TASK DESCRIPTION: Beginning with the line that holds "Days Inn By" and ending with the last line of the entries below, copy every line exactly and nothing else, with the pictures left out.

Segment Start: DATA UNDER STUDY

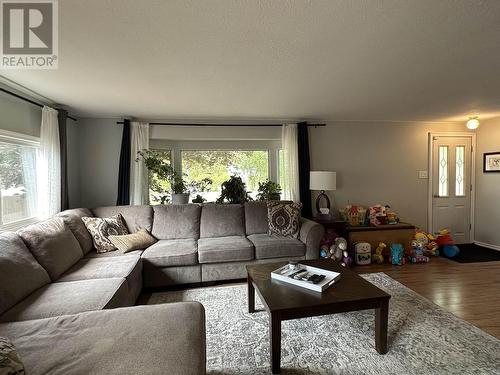 4666 Beaver Crescent, Terrace, BC - Indoor Photo Showing Living Room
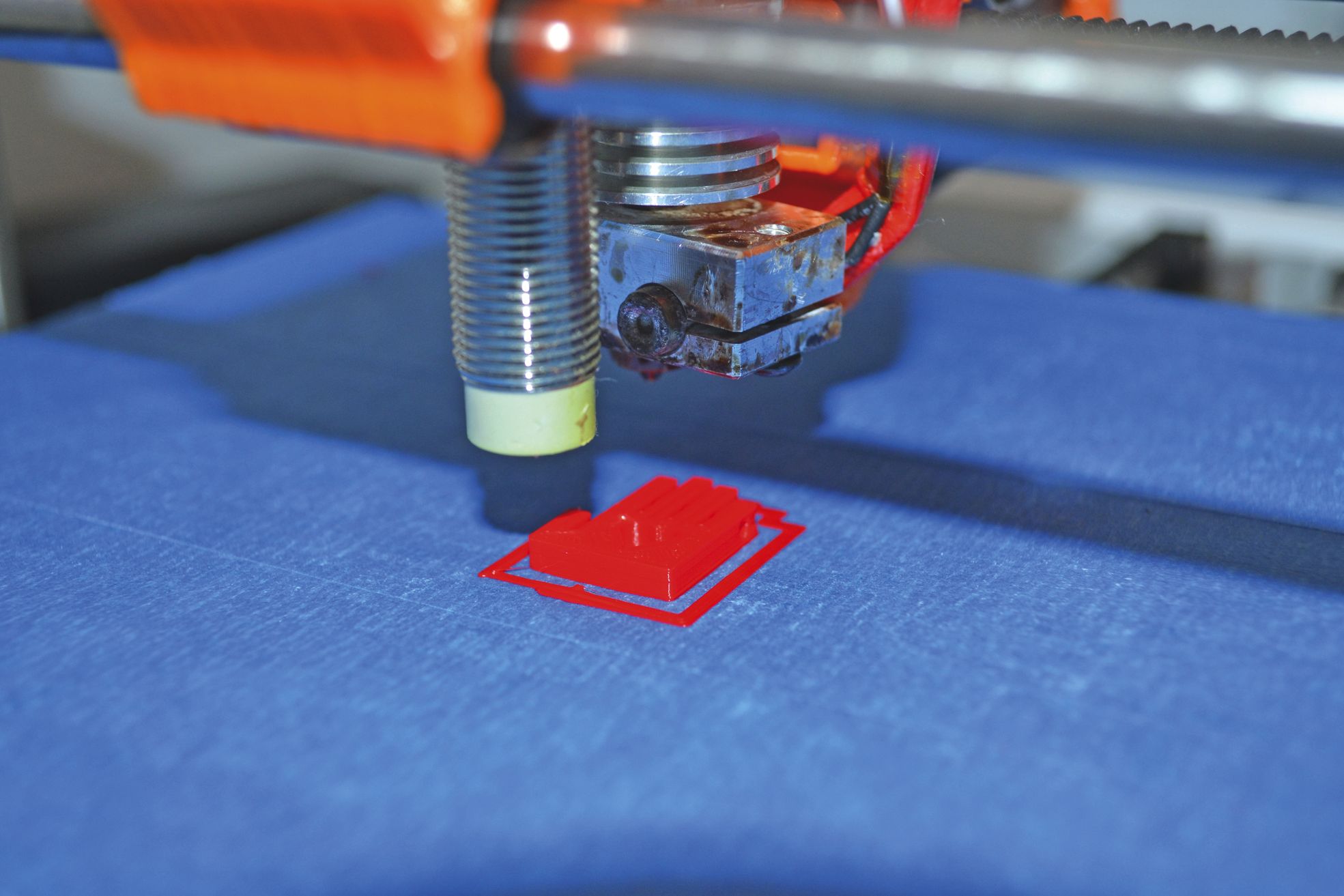 L’imprimante fait lentement fondre une bobine de plastique qu’elle dépose couche par couche pour former l’objet.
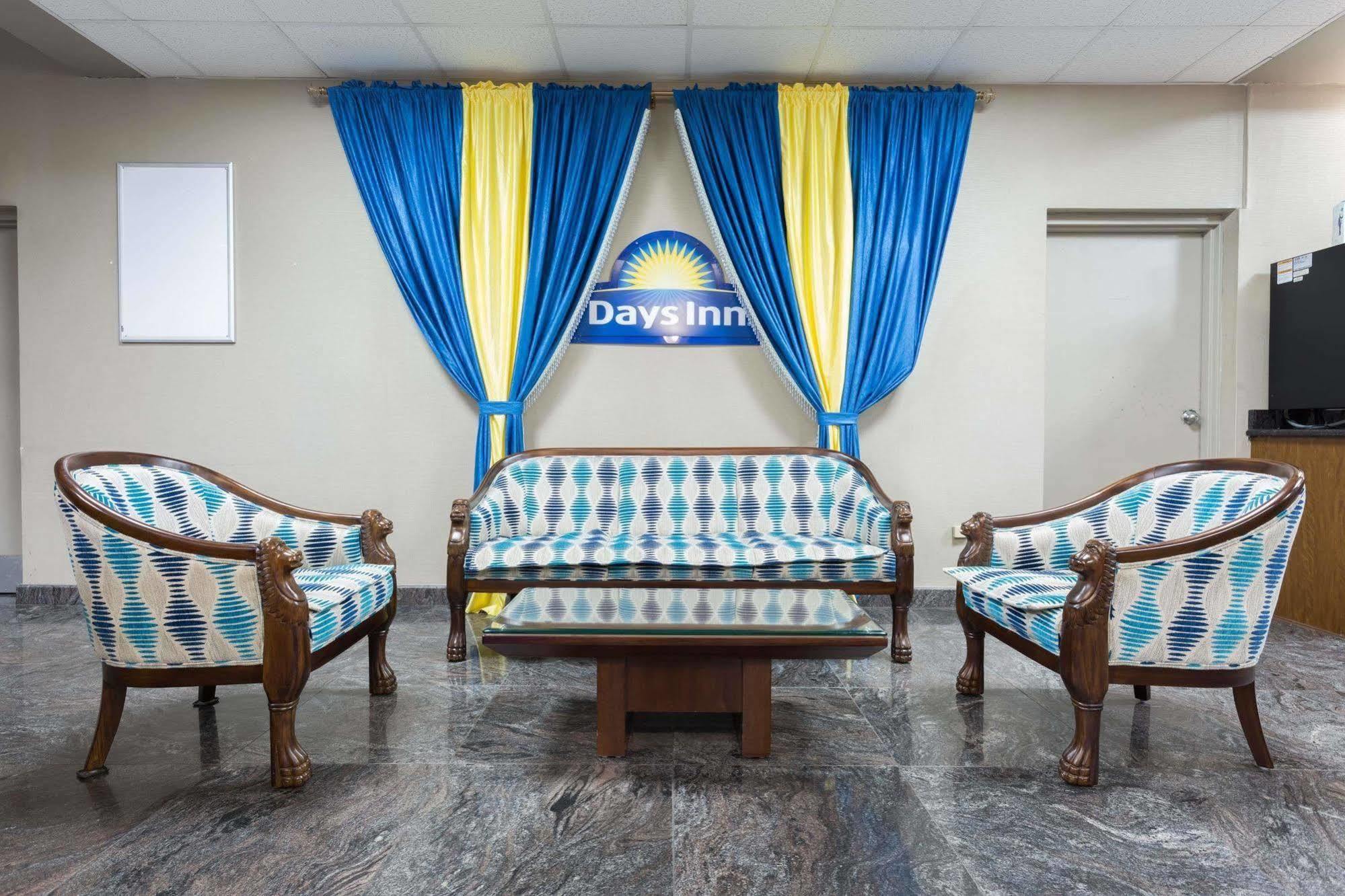 Days Inn By Wyndham Orangeburg Zewnętrze zdjęcie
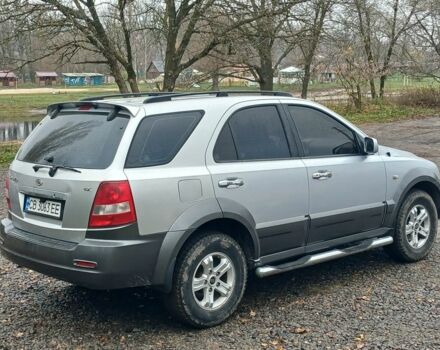 Серый Киа Соренто, объемом двигателя 2.4 л и пробегом 400 тыс. км за 5750 $, фото 3 на Automoto.ua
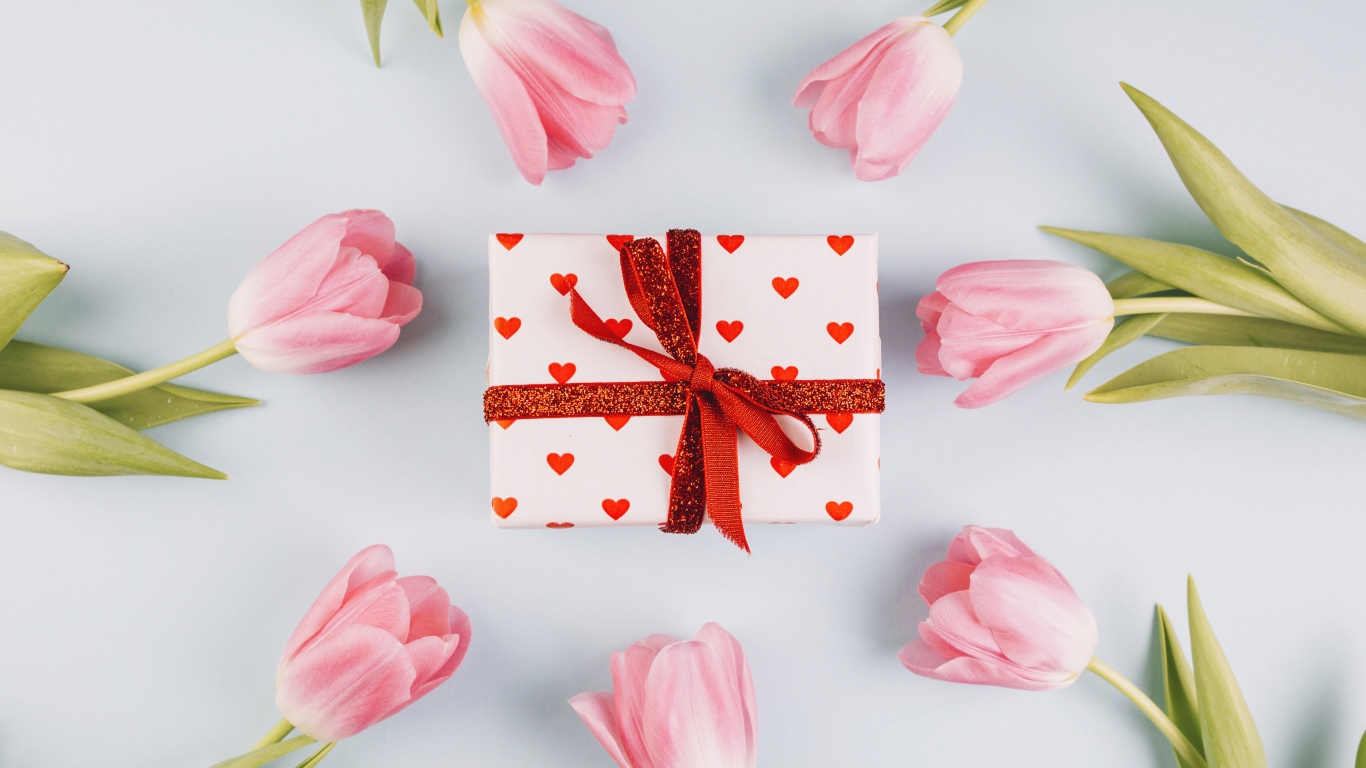 Подарок с розовыми тюльпанами на сером фоне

Segment End: DATA UNDER STUDY

RESULT OF THIS EXERCISE:
 Days Inn By Wyndham Orangeburg Zewnętrze zdjęcie
 Серый Киа Соренто, объемом двигателя 2.4 л и пробегом 400 тыс. км за 5750 $, фото 3 на Automoto.ua
 Подарок с розовыми тюльпанами на сером фоне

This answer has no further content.